Bedtime already. The day is long gone and I don’t have a clue as to where it went. The best laid plans. And in the blink of an eye the sun has set and I’m exhausted again. It was a busy day. I was booked back to back before my day had even officially begun. I realized, while missing lunch, as I was on my way to give a talk to new social workers about Judaism, how incomplete it is to have any one person represent an entire people. And while I waited in traffic my 45 minutes was ticking away. They were a group of a dozen or so: an orthodox Jew, an evangelical Christian, a Buddhist, several Protestants and one woman who said she was a not very observant Hindu. Excellent. So I told a lot of jokes, dropped the f-bomb a few times, described the beauty, power, and sanctity of a deathbed ritual, and told them not to take any one person’s word. I said, “why not ask the person you are encountering in whatever situation you find yourself in”? There is no right path to God and anyone who says there is only speaking for him or herself. I realized in that time, as I have many times over the years, why I became a chaplain and not a rabbi. I want to accompany people on their spiritual journey wherever they are for as long as they will allow me to be with them. I don’t want to teach anyone, as if I know better than they, anything about their own spiritual path. We laughed. We cried. We had way more in common than appeared at first glance.

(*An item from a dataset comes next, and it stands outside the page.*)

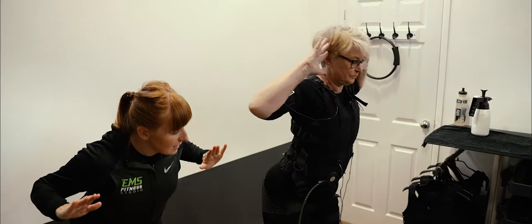Electrical muscle stimulation training has got many benefits. It mainly helps you build muscle, but it can also help you lose weight, strengthen your pelvic floor and rehabilitate after injury.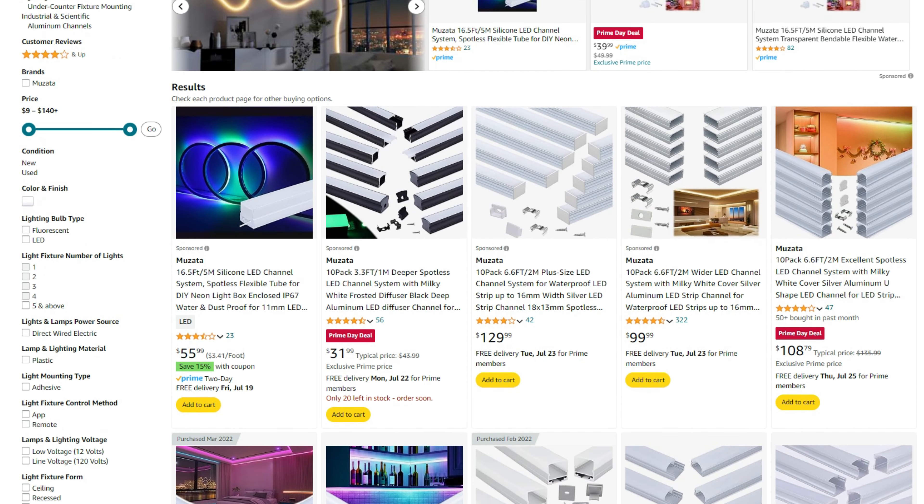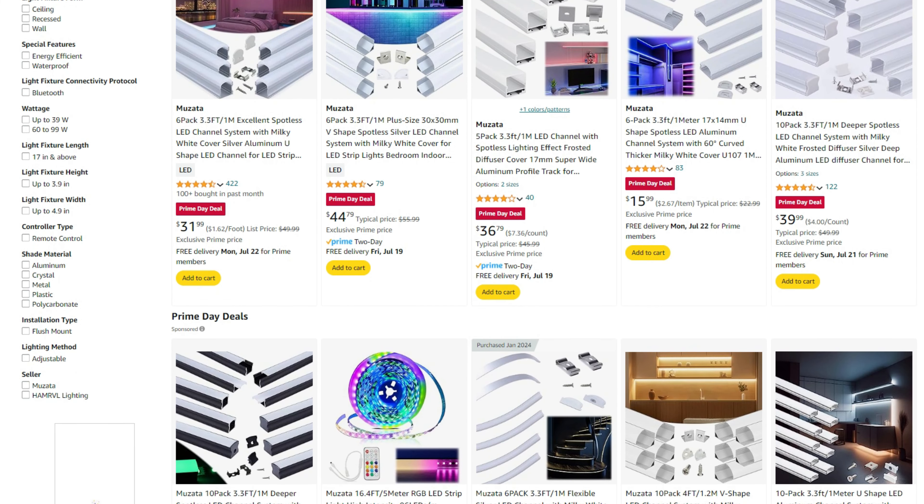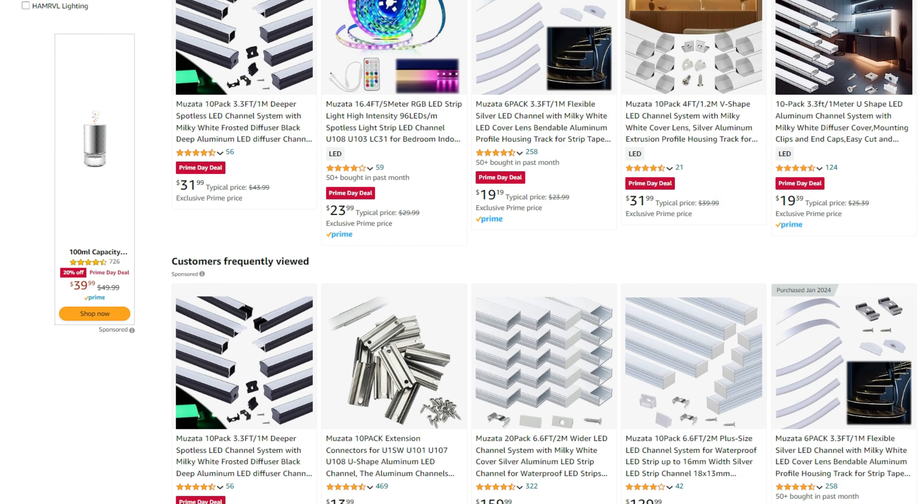I'll leave links to all their channels as well as links to the LED strips that work great with these, in case you're wanting to stock up while they're on sale. From here on out, I'll play some of the highlights from projects I've done using these profiles so you can get a good feel for how they look.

And with that smug self satisfaction I went about the rest of my day. I was 7 minutes late to just about everything after that. Which helped me to calmly step off (as opposed to what I usually do which is tumble off) my self righteous soap box in order to humbly ask for help at the eyeglass store. I’d gone to this place before, a very posh store primarily outside my budget. So when I needed new glasses recently I went to the local inexpensive store – around the corner from my house and well within my wallet range. You get what you pay for – my Grandmother always said. And she was right. Four times back and they couldn’t get the glasses right. By the last visit there I was as aggravated with the salesman as he was with me. Anyway, the woman helping me today was exceptionally kind. She said, “That sounds hard. I’m sorry you had to deal with all of that.” And with that, she offered several ways they may be able to help me and told me she’ll call in a few days.
In other news: my first Creole class is tomorrow morning. I’m both excited and nervous. Right where I should be on my first day I suppose. Shehechianu – a blessing, a commemoration, gratitude, acknowledgement. Those are the moments that so easily slip by in those blinks. Those are the ones I need to remind myself to notice.